What needs to be done →
Give only the number of lines in the records that contain the word "White".

Listed records →
============================================================
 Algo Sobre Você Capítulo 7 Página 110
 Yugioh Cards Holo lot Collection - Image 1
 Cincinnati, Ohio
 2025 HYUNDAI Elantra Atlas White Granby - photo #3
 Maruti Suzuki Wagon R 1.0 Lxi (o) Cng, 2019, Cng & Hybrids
============================================================
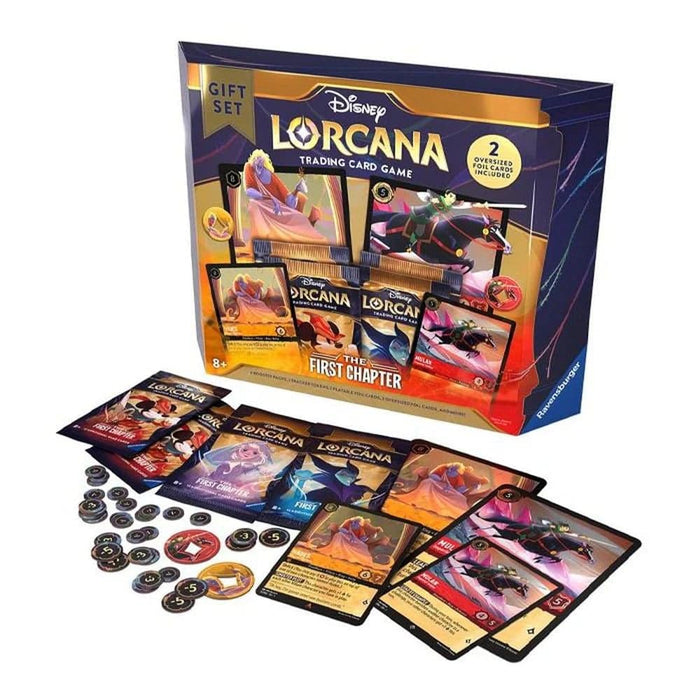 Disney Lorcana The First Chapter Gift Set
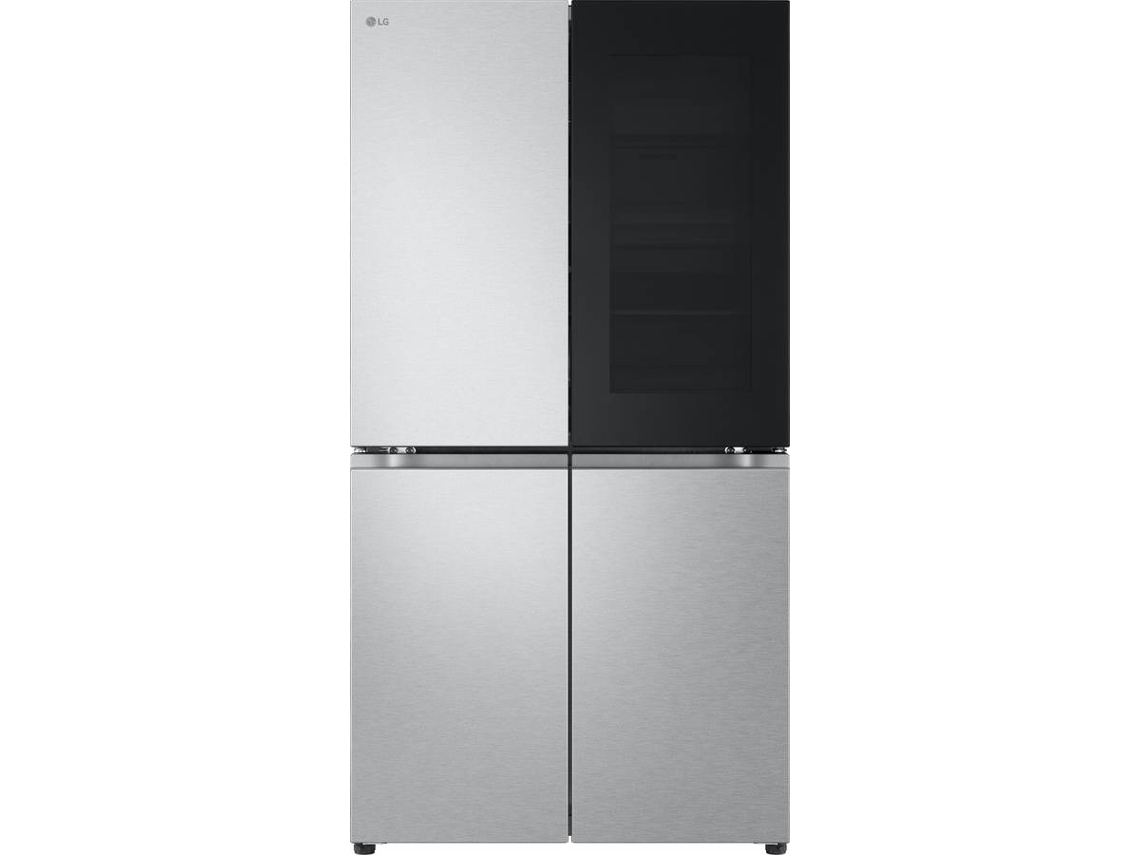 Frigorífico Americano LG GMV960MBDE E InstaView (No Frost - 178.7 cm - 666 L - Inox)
============================================================
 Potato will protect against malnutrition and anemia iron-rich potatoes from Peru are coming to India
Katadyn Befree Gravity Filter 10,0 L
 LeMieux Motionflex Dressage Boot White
============================================================
Result of this task →
2